Rat und Stadtbezirksräte
02.12.2020 - 3.3 Bitte um Befassung des Stadtbezirksrates 332 Sc...
Grunddaten
- TOP:
- Ö 3.3
- Zusätze:
- Verantwortlich: Die Fraktion P² im Rat der Stadt
- Gremium:
- Planungs- und Umweltausschuss
- Datum:
- Mi., 02.12.2020
- Status:
- gemischt (Niederschrift genehmigt)
- Uhrzeit:
- 15:00
- Anlass:
- Sitzung
- Beratung:
- öffentlich
- Vorlageart:
- Antrag (öffentlich)
- Federführend:
- 0100 Steuerungsdienst
- Beschluss:
- abgelehnt
Wortprotokoll
Der Antrag 20-14766 wird von Ratsherr Hahn für Die Fraktion P² eingebracht und begründet.

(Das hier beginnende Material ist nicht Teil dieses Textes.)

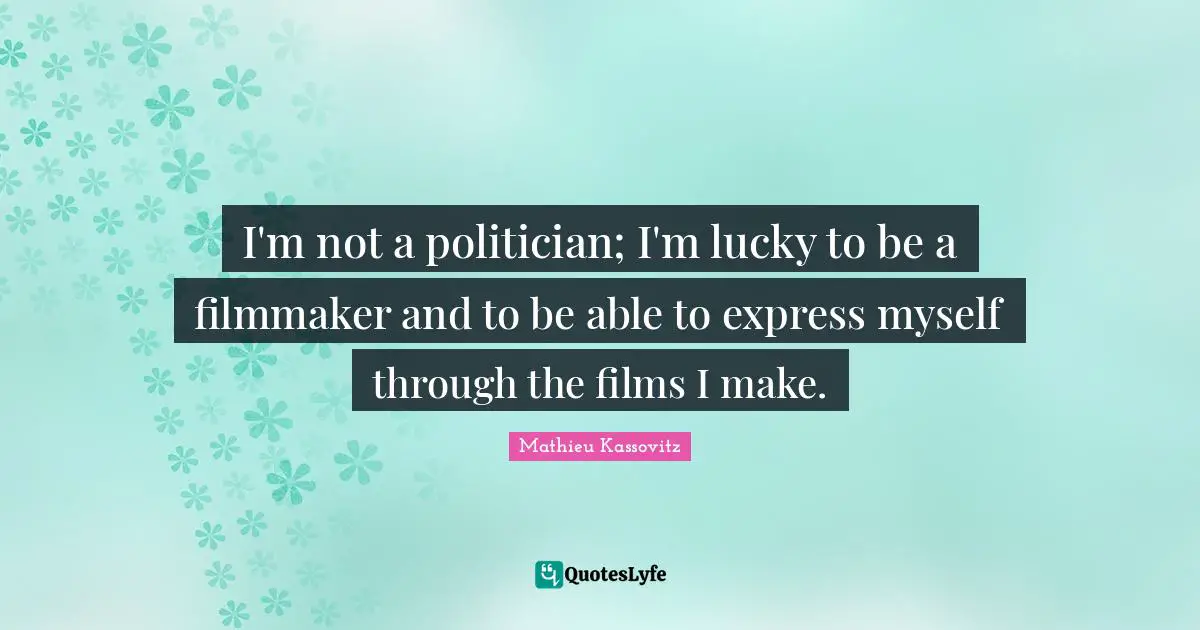 I'm not a politician; I'm lucky to be a filmmaker and to be able to express myself through the films I make.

Die Stellungnahme der Verwaltung 20-14766-01 liegt vor.
Ratsmitglieder Mundlos, vom Hofe, Dr. Dr. Büchs, Palm und Jalyschko begründen ihre inhaltlich ablehnende Haltung zum Antrag. Mit der im Antrag und dessen Vorstellung zum Ausdruck kommenden kritischen Haltung gegenüber den Widerstandskämpfern Georg und Philipp Freiherr von Boeselager zeigen sich mehrere Ratsmitglieder nicht einverstanden. Im Übrigen fallen solche Erwägungen in die Zuständigkeit des Ausschusses für Kultur und Wissenschaft und des zuständigen Stadtbezirksrates. Eine Teilumbenennung einer Straße sei ungewöhnlich, in den meisten Fällen rechtswidrig, aufwändig und kostenträchtig für die Anlieger. Eine informelle Frage bei einem Stadtbezirksratsmitglied sei zudem unbürokratischer gewesen. Ratsherr Dr. Dr. Büchs teilt mit, dass sich der Stadtbezirksrat 332 in der letzten Sitzung mit dem Thema befasst hat. Er regt eine mehrsprachige Hinweistafel (eventuell BLIK-Tafel) an, welche die Verdienste des Namensgeber der Straße abbildet. Die Verknüpfung von zwei Vorschlägen (Bitte um Umbenennung und konkreter Namensvorschlag) wird kritisch beurteilt. Die Benennung eines neuen Bereiches (Straße, Platz) nach Christoph Schlingensief, zum Beispiel im Umfeld der Hochschule für Bildende Künste Braunschweig, wird von mehreren Ausschussmitgliedern positiv gesehen.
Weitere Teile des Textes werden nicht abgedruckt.